The rocket blasted off from the Uchinoura Space Centre in Kagoshima, in south-west Japan, launched by the Japan Aerospace Exploration Centre (JAXA) and cheered on by hundreds of spectators both in Kagoshima and at a public viewing site in Tokyo.
It is hoped that this new Epsilon rocket will pave the way for a new, affordable generation of space rockets, having cost £23m, half as much to develop as its predecessor. Indeed, the previous M-5 model was withdrawn from service in 2006, as JAXA was unable to meet the rapidly rising maintenance costs.
At 24 metres long and with a weight of 91 tons, the model itself is much smaller than previous Epsilon designs, and uses artificial intelligence to perform safety checks, meaning it requires much less manpower than other space rockets.
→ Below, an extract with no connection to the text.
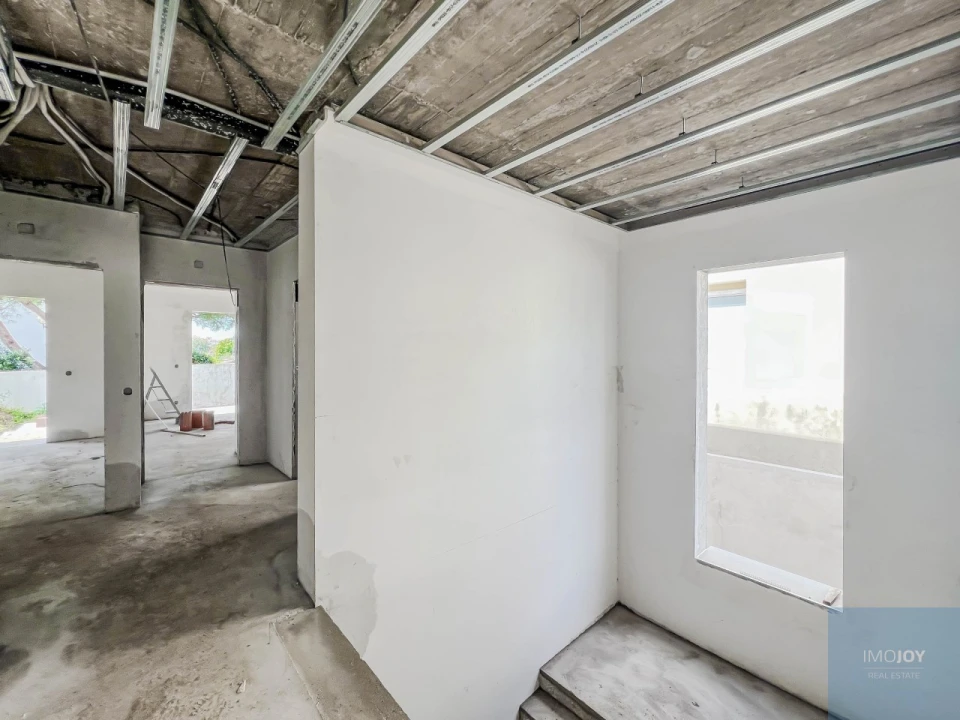 Moradia T3 para Venda em Carcavelos e Parede Foto 10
Indeed, as well as being much less expensive to develop, the launch process itself was also much cheaper than regular space rocket launches, as its use of AI and laptop computer-based command system reduced the amount of workers on site from the average 150 people to a mere eight.
Japan hopes this stripped-down approach will become competitive in the global space business. Epsilon was initially due to be launched on August 27th, but was called off at the last second – literally – after a ground control computer detected a positional abnormality, which was later found to be a false alarm. The space rocket will orbit Earth, and will observe planets remotely, including Mars, Venus and Jupiter.